The wings mostly represented his divine role as a messenger. But it is good to know that the angels Gabriel and Michael are also depicted having wings although they were not specifically characterized in the Scriptures having them, which could indicate that the wings John carried are symbolic.
But if it was just symbolism, then why the prophets or Apostles didn’t have them? The answer mostly is in the words of Jesus himself when he acknowledged that John is the apex of the prophets as proclaimed from the feast of John’s nativity.
He is also proclaimed as Jesus’s Forerunner and a great preacher of God. Hence, Russian Iconographers made John an example of a heavenly man but an earthly angel. He is also represented as the “Angel of the Desert” as the image above shows.
John is an advocate of puritans, hermits and unworldly pursuits. He lived a life of not caring for any material needs as his main goal was to deliver the message of Christ’s coming while he lives in the desert. Similarly, the life carried by John has also been the monastic way of life, which led to Russian Iconographers to depict him with wings similar to a dove.

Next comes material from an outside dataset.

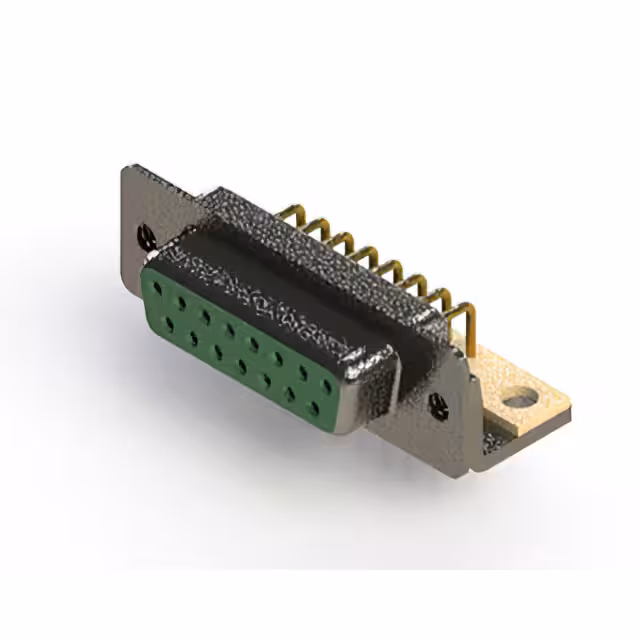 622-M15-260-GT4 EDAC Inc.  D-Sub Connector Assemblies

Those who analyze the importance of John sees him as a connector of the Old and the New as he stands at the end of the Old Testament and started the tale of the New Scriptures. John the Baptist did not marry but was focused only on his spirituality and how to prepare the people of God for the coming of his Son.
The icon of St John has been a popular subject in Eastern and in Western art as the painting showing the Prophet as an angel started in thirteenth-century Byzantium. This spread through all parts of the Eastern Church but was considered an unorthodox by the Western Church during the post-Byzantine period.
St John the Baptist, Angel of the Desert is considered as one of the most popular kinds of Russian icons especially in the tradition of Eastern Orthodox but not in Western art. However, Russia considered this type of art very popular and spread widely in the 16th and 17th centuries.